__Exercise__: Using the records that follow, reproduce exactly the lines starting at the line containing "JCS Wildlife Double" and ending at the line containing "本田中国：2030年要卖80万辆纯电动车". Include both end lines and no pictures.

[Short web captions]
::::

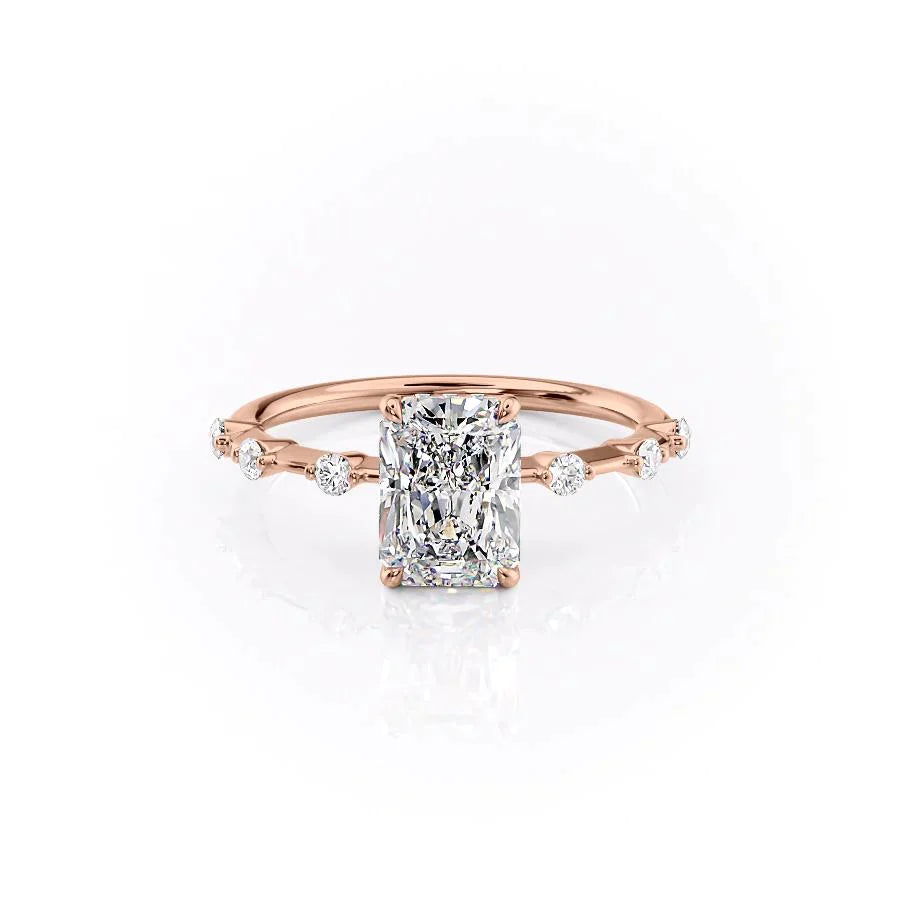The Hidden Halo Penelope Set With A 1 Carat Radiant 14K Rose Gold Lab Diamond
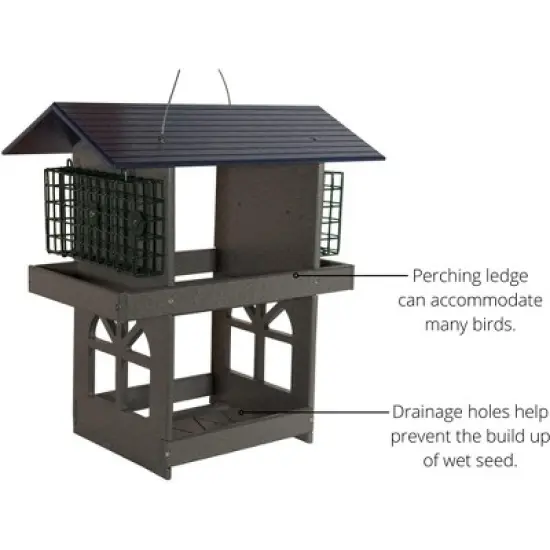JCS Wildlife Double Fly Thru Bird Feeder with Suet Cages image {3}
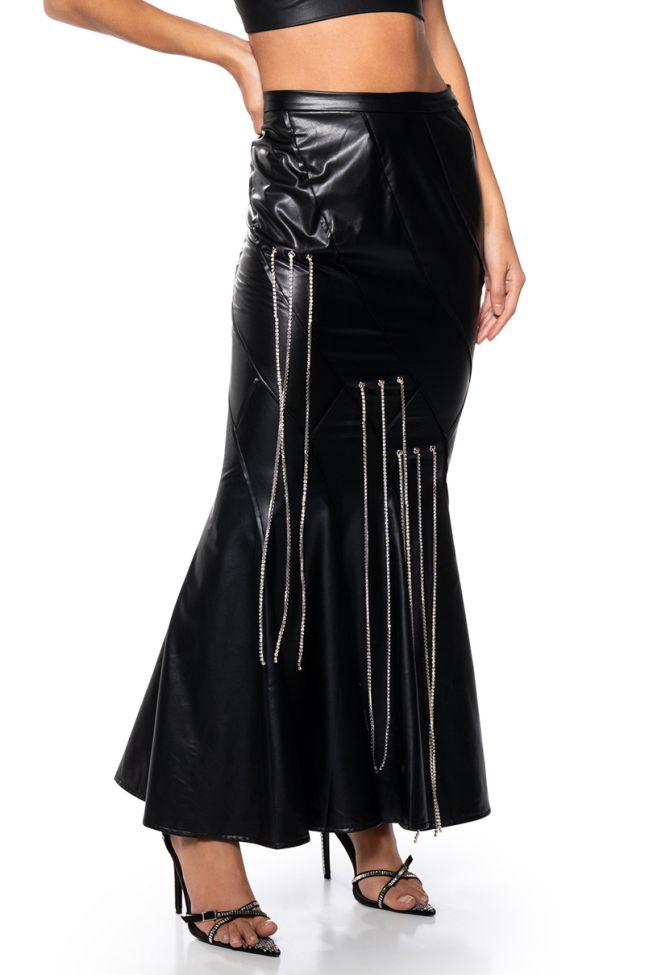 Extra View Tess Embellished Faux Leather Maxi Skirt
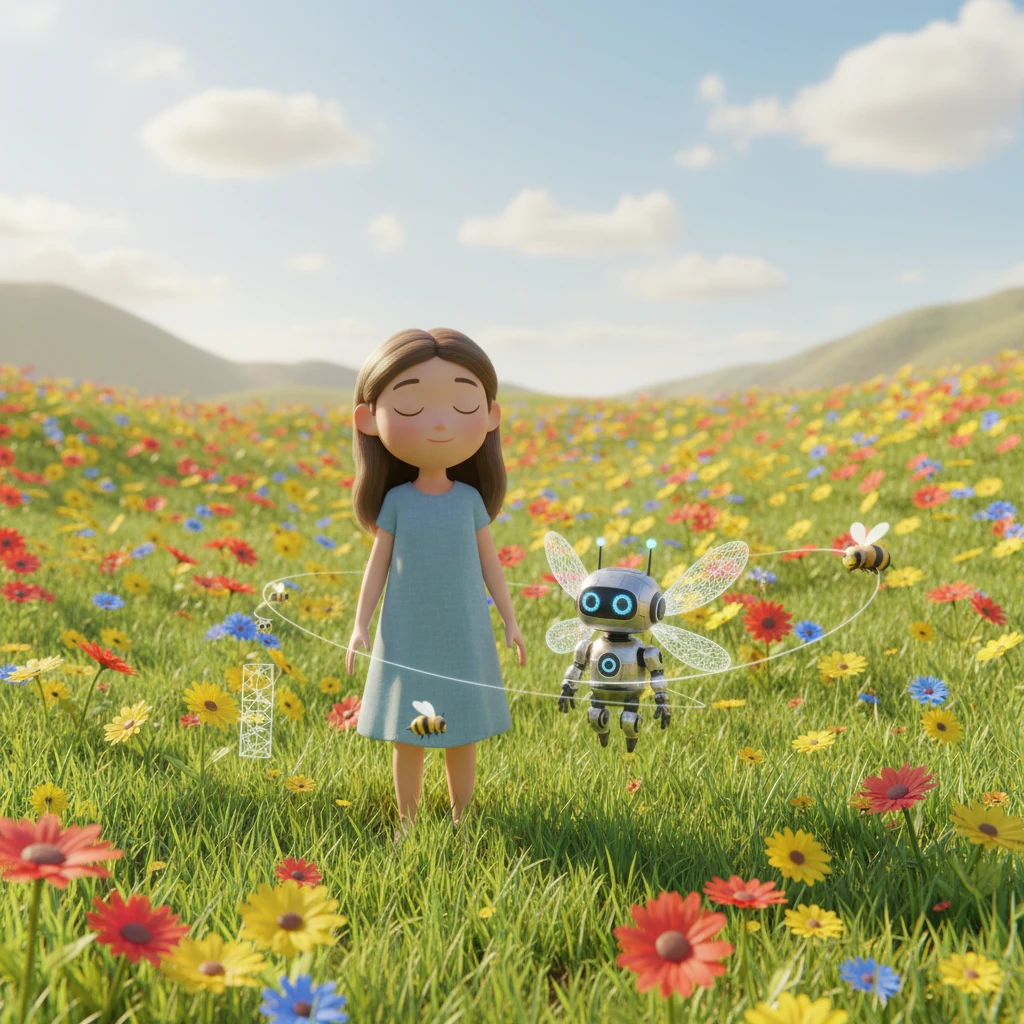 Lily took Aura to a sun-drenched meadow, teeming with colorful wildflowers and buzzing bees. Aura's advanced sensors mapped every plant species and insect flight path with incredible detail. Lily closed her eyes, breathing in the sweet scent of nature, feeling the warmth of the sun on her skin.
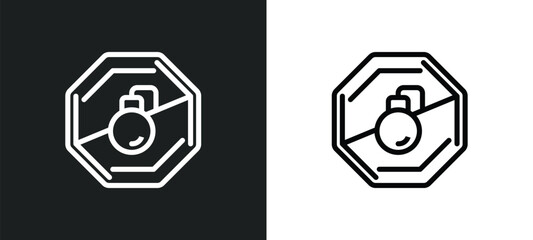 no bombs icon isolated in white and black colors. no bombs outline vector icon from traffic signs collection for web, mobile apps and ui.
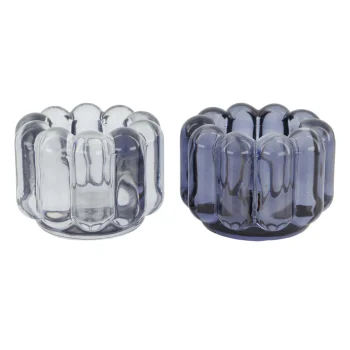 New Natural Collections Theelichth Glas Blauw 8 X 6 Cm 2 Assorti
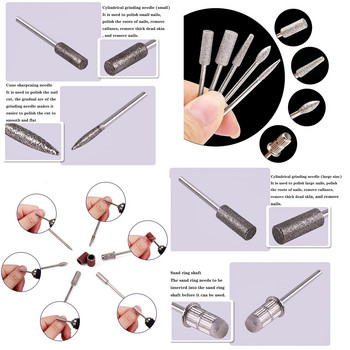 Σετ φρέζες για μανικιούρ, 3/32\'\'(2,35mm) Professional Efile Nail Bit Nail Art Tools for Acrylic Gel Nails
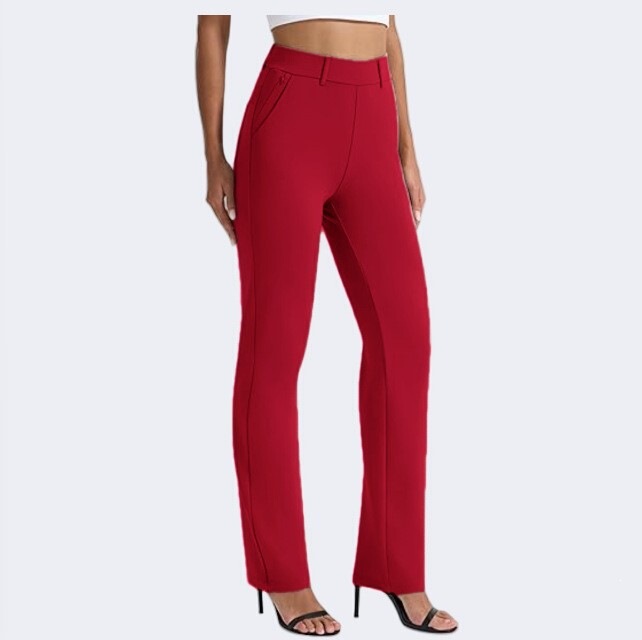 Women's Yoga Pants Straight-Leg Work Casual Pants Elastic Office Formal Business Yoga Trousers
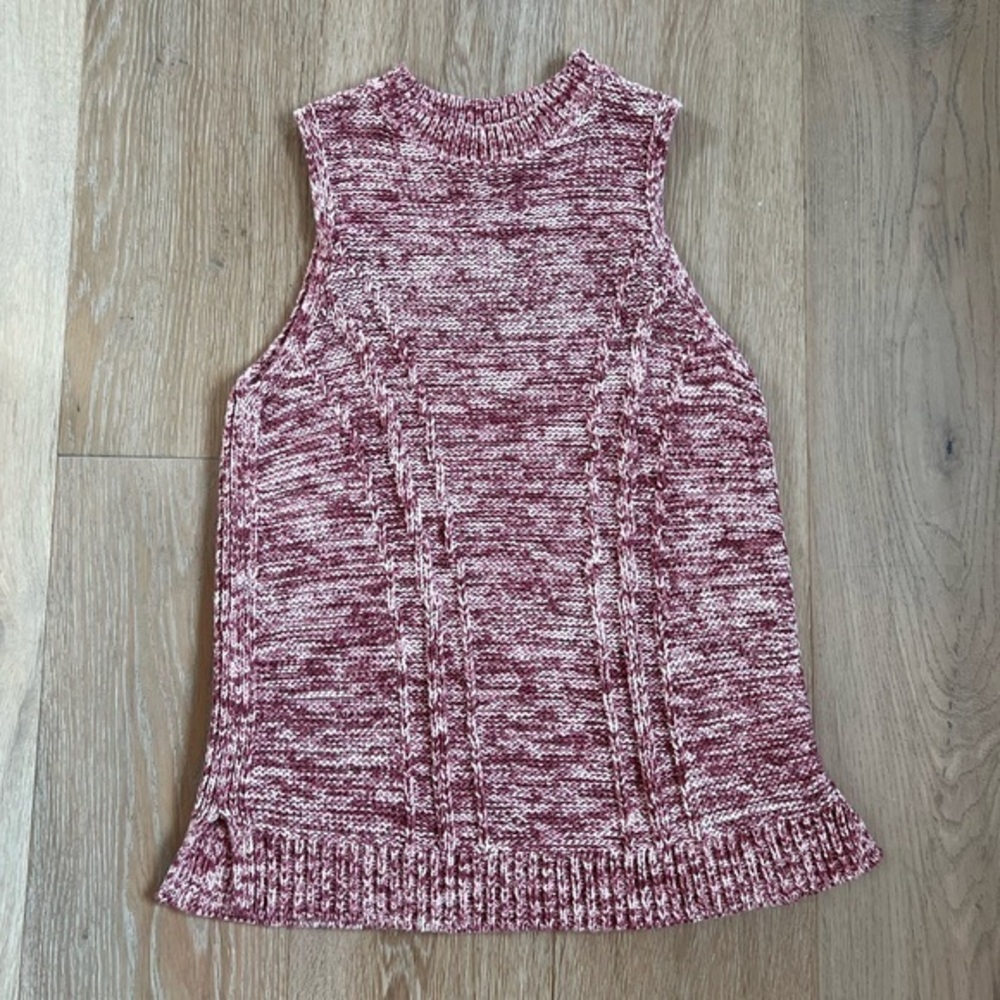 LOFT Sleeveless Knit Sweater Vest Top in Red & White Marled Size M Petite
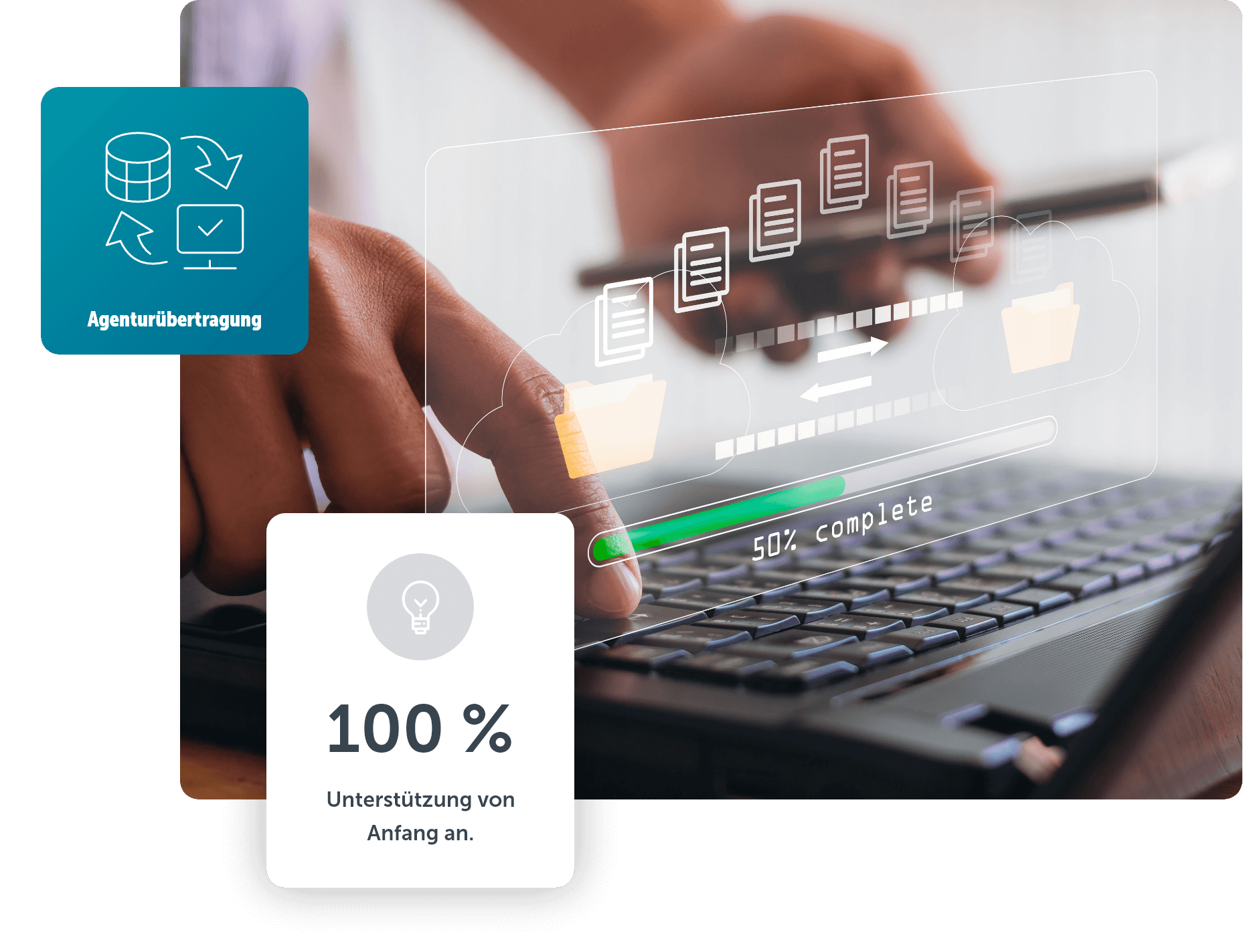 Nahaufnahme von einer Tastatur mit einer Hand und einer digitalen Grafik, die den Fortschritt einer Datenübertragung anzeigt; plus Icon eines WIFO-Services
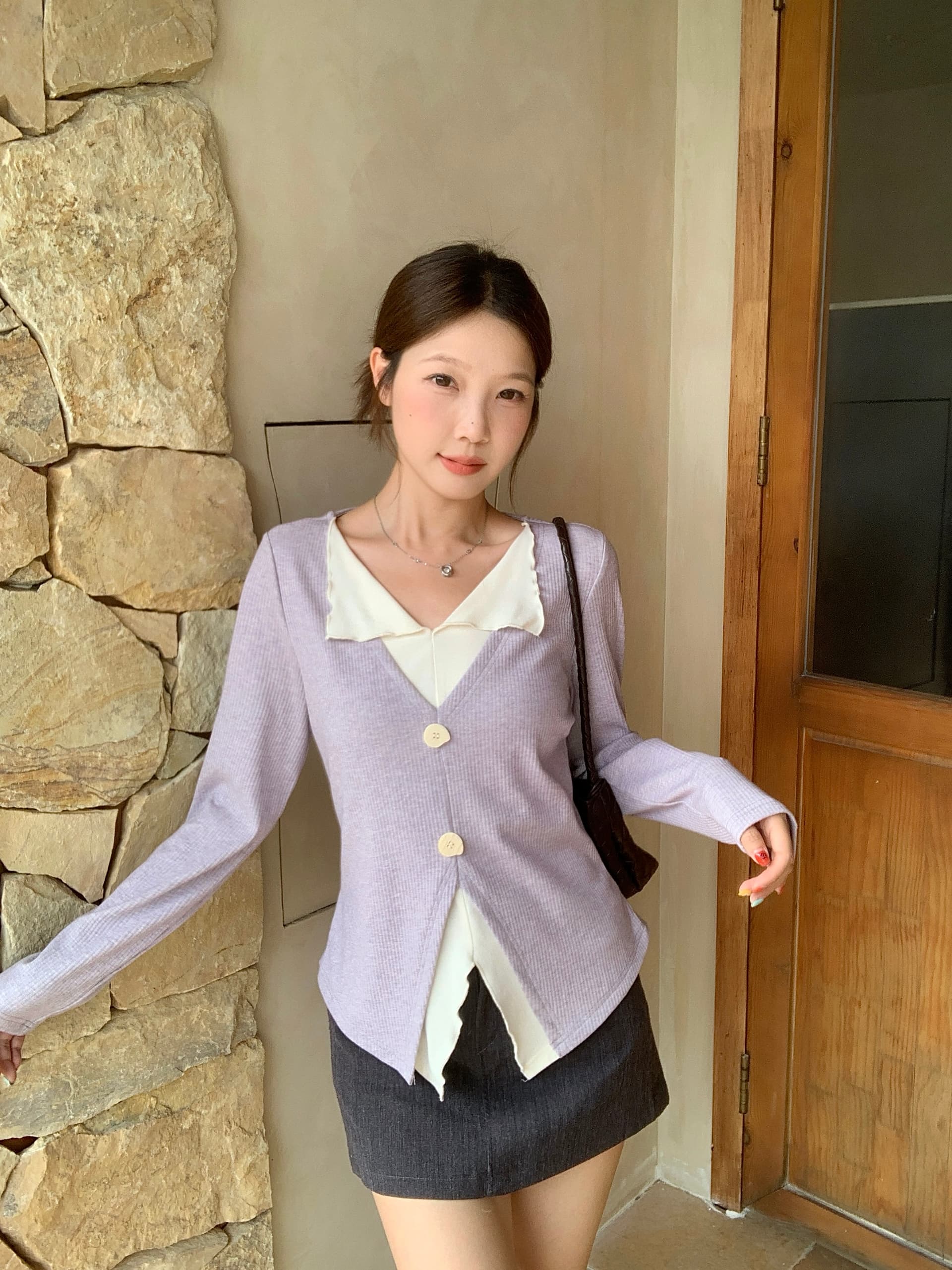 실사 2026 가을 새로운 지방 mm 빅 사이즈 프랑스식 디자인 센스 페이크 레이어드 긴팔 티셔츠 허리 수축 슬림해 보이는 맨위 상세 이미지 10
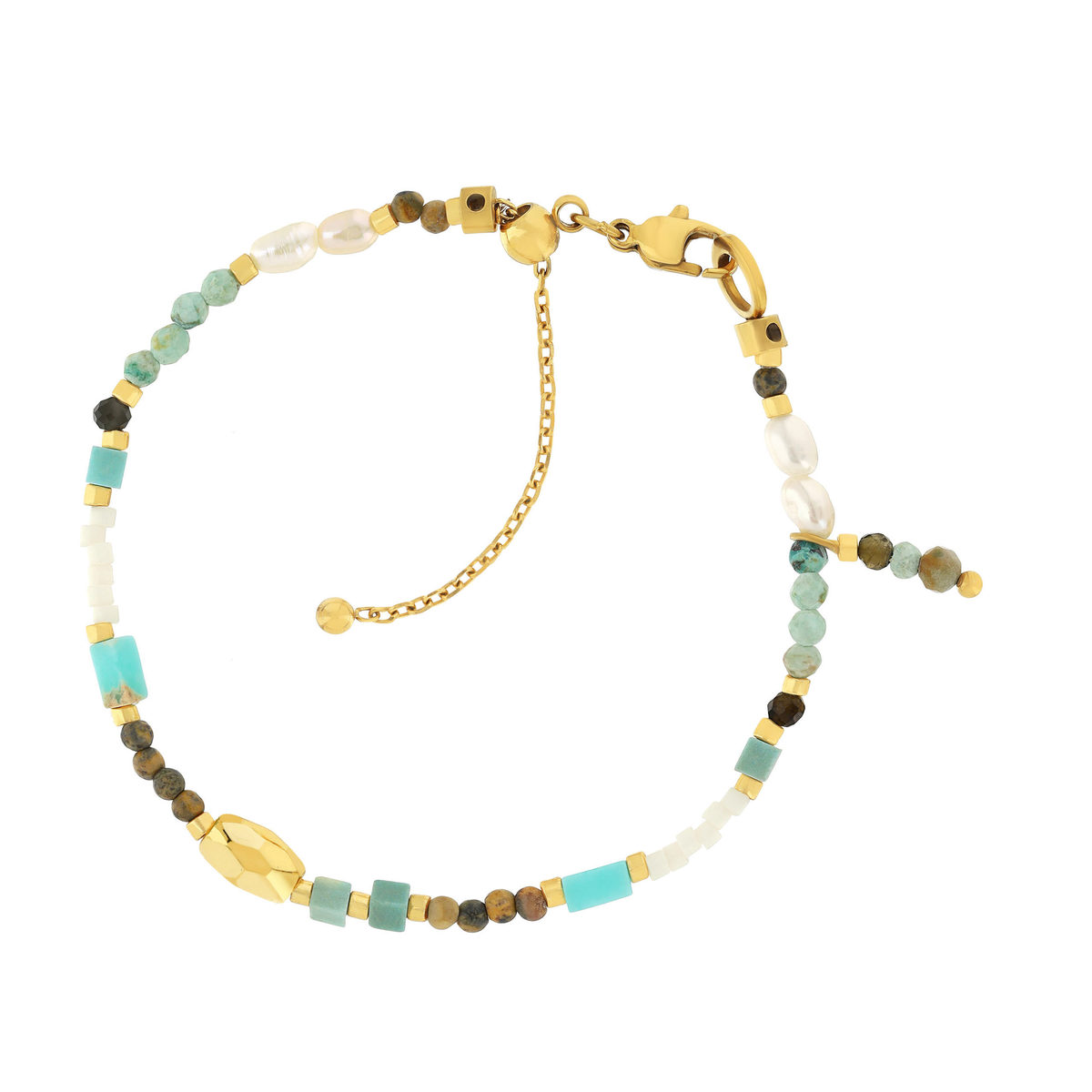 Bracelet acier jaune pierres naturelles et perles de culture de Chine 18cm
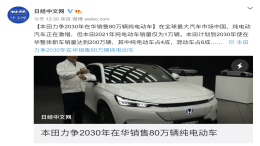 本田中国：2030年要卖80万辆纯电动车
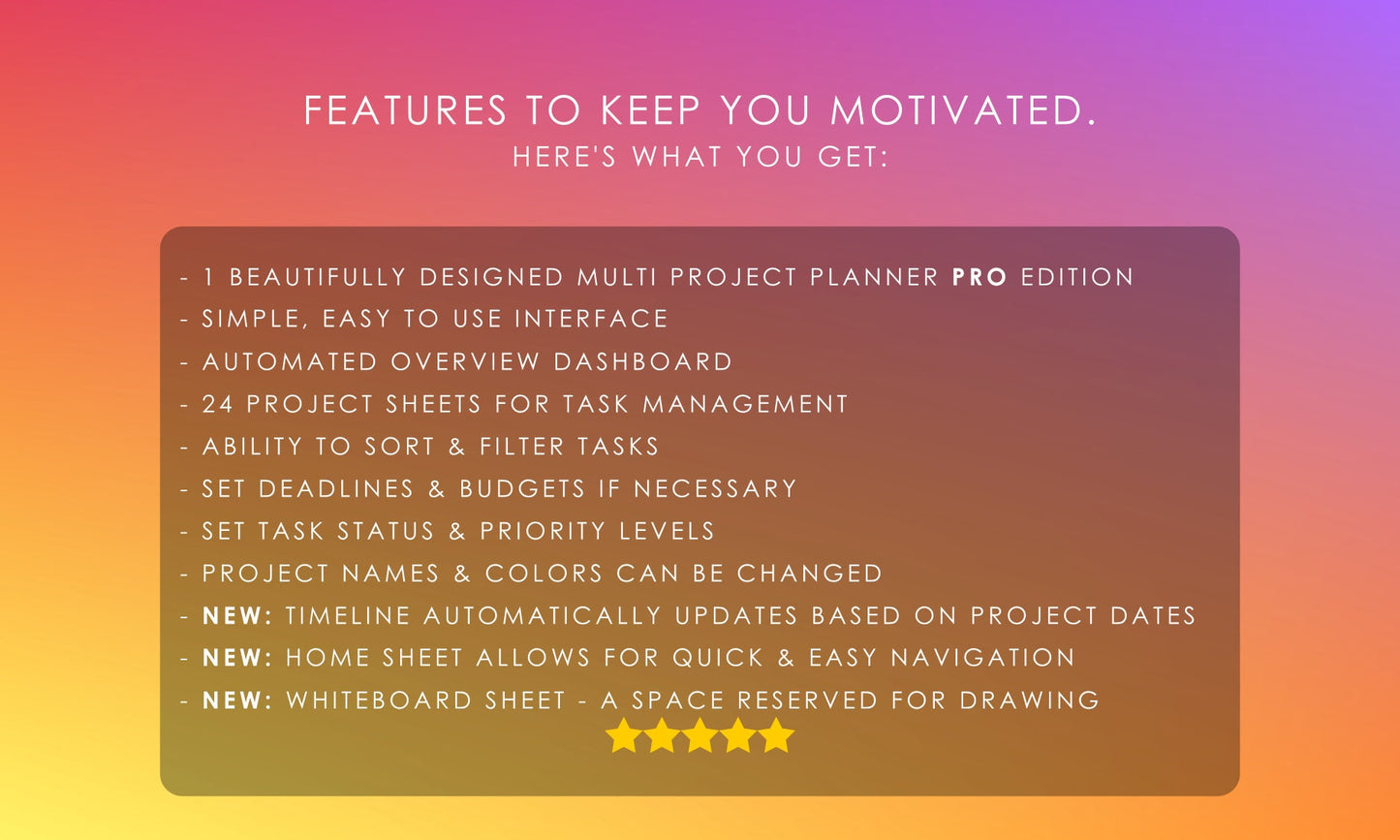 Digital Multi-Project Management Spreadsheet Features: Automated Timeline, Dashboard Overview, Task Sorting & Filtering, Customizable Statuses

::::

__Response box__:
JCS Wildlife Double Fly Thru Bird Feeder with Suet Cages image {3}
 Extra View Tess Embellished Faux Leather Maxi Skirt
 Lily took Aura to a sun-drenched meadow, teeming with colorful wildflowers and buzzing bees. Aura's advanced sensors mapped every plant species and insect flight path with incredible detail. Lily closed her eyes, breathing in the sweet scent of nature, feeling the warmth of the sun on her skin.
 no bombs icon isolated in white and black colors. no bombs outline vector icon from traffic signs collection for web, mobile apps and ui.
 New Natural Collections Theelichth Glas Blauw 8 X 6 Cm 2 Assorti
 Σετ φρέζες για μανικιούρ, 3/32\'\'(2,35mm) Professional Efile Nail Bit Nail Art Tools for Acrylic Gel Nails
 Women's Yoga Pants Straight-Leg Work Casual Pants Elastic Office Formal Business Yoga Trousers
 LOFT Sleeveless Knit Sweater Vest Top in Red & White Marled Size M Petite
 Nahaufnahme von einer Tastatur mit einer Hand und einer digitalen Grafik, die den Fortschritt einer Datenübertragung anzeigt; plus Icon eines WIFO-Services
 실사 2026 가을 새로운 지방 mm 빅 사이즈 프랑스식 디자인 센스 페이크 레이어드 긴팔 티셔츠 허리 수축 슬림해 보이는 맨위 상세 이미지 10
 Bracelet acier jaune pierres naturelles et perles de culture de Chine 18cm
 本田中国：2030年要卖80万辆纯电动车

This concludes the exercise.